About the Film
Union Time: Fighting for Workers’ Rights follows the story of workers at the Smithfield Pork Processing plant in Tar Heel, North Carolina, who fought for safe, fair working conditions – and won. It goes beyond hype about unions (from both sides) to show how people standing together can break the cycle of poverty and injustice.
Since the Smithfield facility opened in Tar Heel in 1992, meatpacking workers endured dangerous working conditions, intimidation, and low pay. With the United Food and Commercial Workers Union, the workers struggled for 16 years to organize. They lived through a variety of union-busting strategies: two botched elections, increased intimidation, and efforts to divide workers by race. They waited out years of legal battles before the National Labor Relations Board.
Finally, in 2008, the Tar Heel workers voted to form a union in the Tar Heel plant, in what has been called the greatest union victory of the 21st century. Now the 5,000 workers at the Tar Heel plant have fair working conditions, better wages, and above all, respect.

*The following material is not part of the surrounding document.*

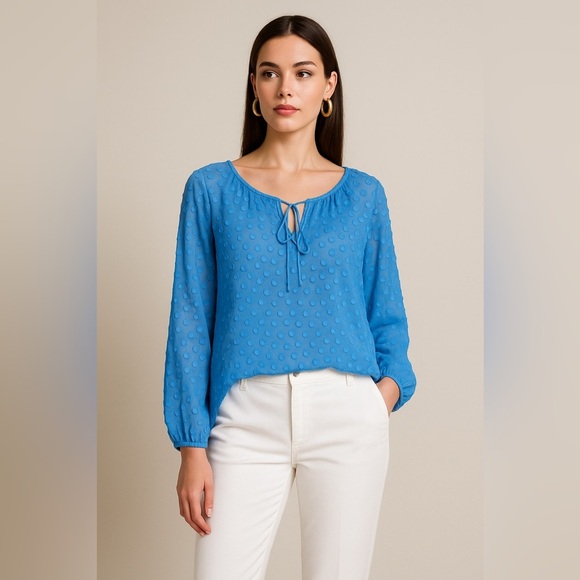 J.Crew Factory Women's Blue  Chiffon Peasant Blouse Clip-Dot Keyhole  🌟 - Picture 13 of 13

In Union Time, filmmaker Matthew Barr weaves together labor rights and civil rights to show how unions are, despite efforts to dismantle them, a potent force for economic justice. Above all, it celebrates the courage of meatpacking workers who refused to give up through a 16-year-long struggle
Union Time is narrated by actor and activist Danny Glover. It also features key figures in the Justice@Smithfield struggle, including national civil rights leader Rev. William J. Barber II. The core of the film, however, is the voices of the Smithfield employees, many African-American and Hispanic, who showed amazing courage in standing up to a multinational corporation. Employee Wanda Blue embodies this courage in one of the most evocative quotes in the film: “I just had to get the fear out. Once I got the fear out of me, I was good to go. There wasn’t no stopping me.”
The Smithfield struggle is an important chapter in the history of unions in the meatpacking industry. It also demonstrates the convergence of labor rights and civil rights, carrying on the legacy of Rev. Martin Luther King, Jr. Ultimately, the goal of the film is to show the role unions play in a just society.
Matthew Barr produced and directed the documentary, filming from 2007 to 2015.